Quad Cinema in New York began a series February 2nd: "Crimes of Passion: The Erotic Thriller," which runs through February 16th. The whole thing comes to a head on Sunday afternoon with a fantastic Brian De Palma triple feature: Femme Fatale, Dressed To Kill, and Body Double. Earlier this week, The Village Voice's Abbey Bender posted an article titled, "In the Quad Cinema’s Series of Erotic Thrillers, Women Do as They Damn Well Please." Here's an excerpt:
“A complex series of seductions and murders — that’s not something you see a woman do.” This line, spoken early (by a man, of course) in Bob Rafelson’s Black Widow (1987) — which features Theresa Russell as a beautiful psychopath who marries wealthy magnates only to poison them — sets a clean template for erotic thrillers to work against. The often-maligned genre, which flourished in the ’80s and ’90s and functions as an intriguing amalgam of film noir, sexy music video, and pure id, is the subject of “Crimes of Passion: The Erotic Thriller,” a luxuriously sprawling 24-film series running this month at the Quad Cinema. With Valentine’s Day around the corner, the rep house is bringing seduction and murder to the forefront. But it’s worth remembering, amid the enjoyable screen hysterics, that the erotic thriller would be nothing without its femmes fatales. To watch them rebuff the Black Widow line, again and again, is a reliable pleasure.

In addition to glossy genre icons like Paul Verhoeven’s Basic Instinct (1992) and Adrian Lyne’s Fatal Attraction (1987), the Quad’s program also offers up some films that haven’t traditionally been described as erotic thrillers. But even more surprisingly, while surveying the canvas of titles on display, is the second connective thread that emerges: “Crimes of Passion” is, in a sense, a short seminar on the femme fatale. The stock character, as old as cinema itself, endures for a reason: Within a society that expects women to be docile, passive figures, the spectacle of a woman behaving badly ignites both lust and a perverse wish fulfillment. It’s a nuanced appeal that reaches beyond the male gaze.

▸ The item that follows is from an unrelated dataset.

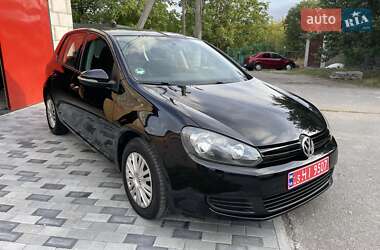 Хэтчбек Volkswagen Golf 2009 в Хороле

Double Indemnity, Billy Wilder’s 1944 noir classic, is the oldest work in the series; Barbara Stanwyck’s portrayal, in that movie, of a married woman who seduces an insurance salesman into a murderous scheme stands as a template for the genre. Her deviousness would be scandalous in any era. She’s also an obvious inspiration for Kathleen Turner’s character in Body Heat (1981), an early pioneer in heaping horniness onto the handsome noir template and beginning to codify the erotic thriller as a newly steamy genre of its own.

The genre also owes a debt to Alfred Hitchcock. Vertigo (1958), with Kim Novak as a provocative woman who takes on two distinct identities, is one of the great cinematic examples of femininity spiraling into something confusing and sinister. And a particularly ardent Hitchcock follower, Brian De Palma, may well be the auteur of the erotic thriller. With three films, he’s the most-represented director in the series; each of them — Dressed to Kill (1980), Body Double (1984), Femme Fatale (2002) — prominently features crime, plot twists, and babely blondes. It takes some moxie to literally title an erotic thriller “femme fatale,” but De Palma’s the rare director who could actually pull it off. Though he has long had charges of sexism leveled against him, the women in his films project power and know how to use their sexuality to influence those around them. Femme Fatale doesn’t just gawk at its model-turned-actress star, Rebecca Romijn. It builds a head-spinning world of double crosses around her — and, ultimately, gives her the last laugh.